Przed laty Elbląg przeżywał podobną tragedię, jakiej dziś doświadcza Paryż.
W czasie, gdy oczy świata skierowane są na Paryż, gdzie płonęła katedra Notre Dame, warto przypomnieć, że podobny dramat przeżywali niegdyś mieszkańcy Elbląga.
Katedra Notre Dame to najważniejsza świątynia Paryża i całej Francji. W pożarze, do którego doszło 15 kwietnia, doszczętnie spłonął dach kościoła, a jego iglica runęła. Wysokich temperatur nie wytrzymały także XIII-wieczne rozety i witraże. Uratowano obie wieże i strukturę budynku. Udało się także ocalić większość dzieł sztuki i relikwie.

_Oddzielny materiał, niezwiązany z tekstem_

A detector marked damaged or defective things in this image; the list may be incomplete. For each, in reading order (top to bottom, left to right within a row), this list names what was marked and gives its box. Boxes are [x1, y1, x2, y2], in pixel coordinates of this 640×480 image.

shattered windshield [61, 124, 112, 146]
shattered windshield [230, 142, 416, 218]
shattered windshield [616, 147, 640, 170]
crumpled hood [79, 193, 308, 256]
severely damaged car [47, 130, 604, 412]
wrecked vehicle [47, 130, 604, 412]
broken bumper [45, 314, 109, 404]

26 kwietnia 1777 roku zapisał się na kartach historii Elbląga podobnie smutnymi zgłoskami jak kwietniowy wieczór bieżącego roku nad Sekwaną. Tego dnia na elbląskim niebie pojawiły się ciemne chmury, a nad miastem rozpętała się ogromna burza.

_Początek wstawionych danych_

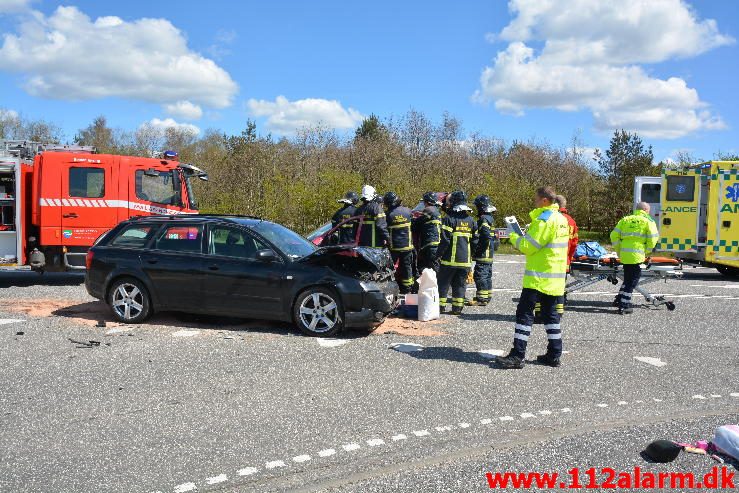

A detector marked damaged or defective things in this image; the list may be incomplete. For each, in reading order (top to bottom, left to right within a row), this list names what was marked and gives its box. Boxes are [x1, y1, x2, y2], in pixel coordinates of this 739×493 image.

damaged car front [296, 244, 398, 332]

Po chwili piorun uderzył w wieżę katedry św. Mikołaja, która momentalnie zaczęła się palić. Podobnie jak w Paryżu odważni mieszkańcy wraz z kapłanami starali się wynieść jak największą część wyposażenia. Niestety, nie udało się ugasić ognia, który strawił wieże i dach kościoła. Wkrótce po pożarze zawaliły się sklepienia, niszcząc przy tym ołtarz główny i te elementy, które pozostały we wnętrzu świątyni.

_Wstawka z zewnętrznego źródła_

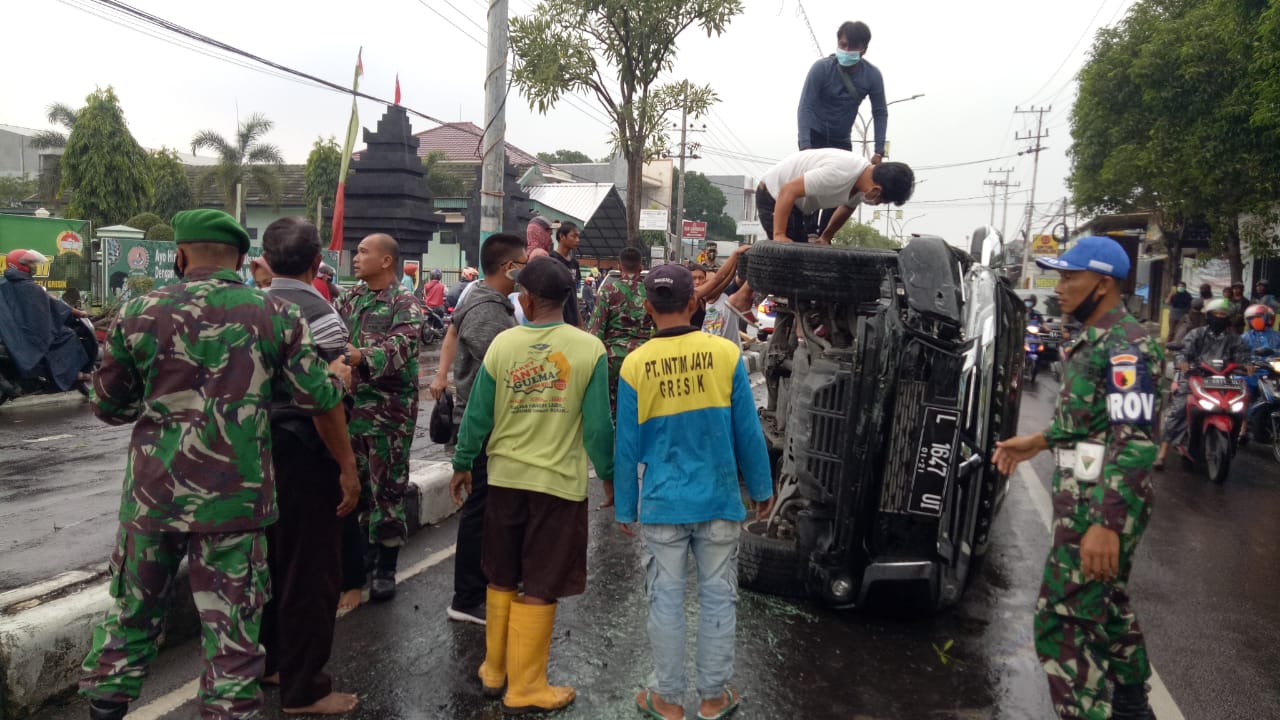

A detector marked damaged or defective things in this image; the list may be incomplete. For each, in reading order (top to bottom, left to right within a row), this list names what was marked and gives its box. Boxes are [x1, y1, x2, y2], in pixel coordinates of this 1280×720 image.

Odbudowa elbląskiej katedry wiązała się z ogromnym nakładem środków, których wówczas w kasie miejskiej i kościelnej najwyraźniej brakowało. Nie odbudowano spalonej wieży głównej, a cały kościół obniżono o 6,5 metra. Wieżę odbudowano dopiero po 130 latach, a została ona poświęcona 24 października 1906 r.